Zhang Lei, Ren Gang
The Molecular Foundry, Lawrence Berkeley National Laboratory, Berkeley, USA.
J Phys Chem Biophys. 2012;2(2). doi: 10.4172/2161-0398.1000e103. Epub 2012 May 22.
The protein is naturally dynamic and heterogeneous in solution. Protein dynamics involves both equilibrium fluctuations that regulate biological function and other non-equilibrium effects of biological motors, which convert chemical energy to mechanical energy. However, a single, unique structure of protein determined from X-ray crystal and conventional single-particle electron microscopy is insufficient to encompass the dynamic nature of proteins in solution. Structure determination of dynamic and heterogeneous protein is essentially required the determination of each individual particle of protein. Recently, Drs. Gang Ren and Lei Zhan published the first single molecule three-dimensional (3D) EM images of individual proteins ever obtained with enough clarity to determine their structure, an IgG antibody (14 Å resolution) and a 17nm HDL (36 Å resolution). These results depended upon four innovations: i) improved cryo-electron microscopy (cryoEM) sample preparation and Electron microscopy (EM) operation conditions resulted in the successful imaging of a 17 nm HDL particle (120-200kDa) by cryo-electron tomography (cryoET); ii) developed an optimized NS (OpNS) protocol that eliminates the rouleau artifact that has plagued EM research for three decades. This OpNS protocol provides high-contrast single lipoprotein images with similar size (<5%) and shape (<5%) to that seen by cryoEM; iii) developed a high-resolution and high contrast sample preparation protocol, cryo-positive-staining (cryoPS) that allows direct visualization of the secondary structure of a small protein, such as the β-strands in CETP and the helical double belt of apoA-I in spherical HDL; iv) developed a robust tomography reconstruction method, Individual Particle Electron Tomography (IPET) that is a high-resolution, high throughput reconstruction method that, to the best of our knowledge, is the only method for determining an individual protein structure. Remarkably, IPET went against the conventional wisdom that a single protein can NOT be reconstructed by EM and this opens a door for the study of protein dynamics via a particle-by-particle structural comparison.
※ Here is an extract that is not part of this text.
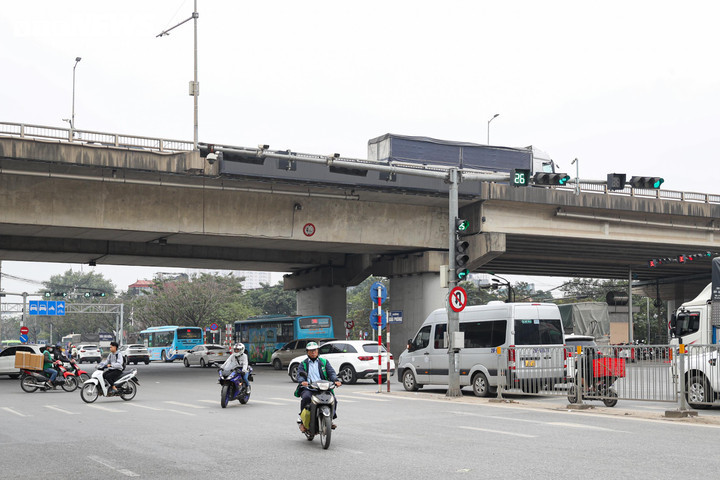 Theo ghi nhận của phóng viên Báo điện tử VTC News ngày 17/12, chỉ trong vòng gần một giờ đồng hồ, hàng trăm phương tiện vẫn phớt lờ biển cấm, đi thẳng cắt ngang đầu xe tải, tiềm ẩn nguy cơ mất an toàn giao thông.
该蛋白质在溶液中天然具有动态性和异质性。蛋白质动力学既涉及调节生物功能的平衡波动,也涉及生物马达将化学能转化为机械能的其他非平衡效应。然而,通过X射线晶体学和传统单颗粒电子显微镜确定的单一、独特的蛋白质结构不足以涵盖溶液中蛋白质的动态性质。确定动态和异质蛋白质的结构本质上需要确定蛋白质的每个单独颗粒。最近,任刚博士和战雷博士发表了有史以来获得的单个蛋白质的首张单分子三维(3D)电子显微镜图像,清晰度足以确定其结构,一种IgG抗体(分辨率为14 Å)和一个17nm的高密度脂蛋白(HDL,分辨率为36 Å)。这些结果依赖于四项创新:i)改进的冷冻电子显微镜(cryoEM)样品制备和电子显微镜(EM)操作条件通过冷冻电子断层扫描(cryoET)成功成像了一个17nm的HDL颗粒(120 - 200kDa);ii)开发了一种优化的NS(OpNS)方案,消除了困扰EM研究三十年的叠连伪影。这种OpNS方案提供了与cryoEM所见相似大小(<5%)和形状(<5%)的高对比度单脂蛋白图像;iii)开发了一种高分辨率和高对比度的样品制备方案,冷冻正染色(cryoPS),可直接观察小蛋白质的二级结构,如胆固醇酯转运蛋白(CETP)中的β链和球形HDL中载脂蛋白A-I的螺旋双带;iv)开发了一种强大的断层扫描重建方法,单颗粒电子断层扫描(IPET),这是一种高分辨率、高通量的重建方法,据我们所知,是确定单个蛋白质结构的唯一方法。值得注意的是,IPET违背了单颗粒蛋白质不能通过EM重建的传统观念,这为通过逐个颗粒的结构比较研究蛋白质动力学打开了一扇门。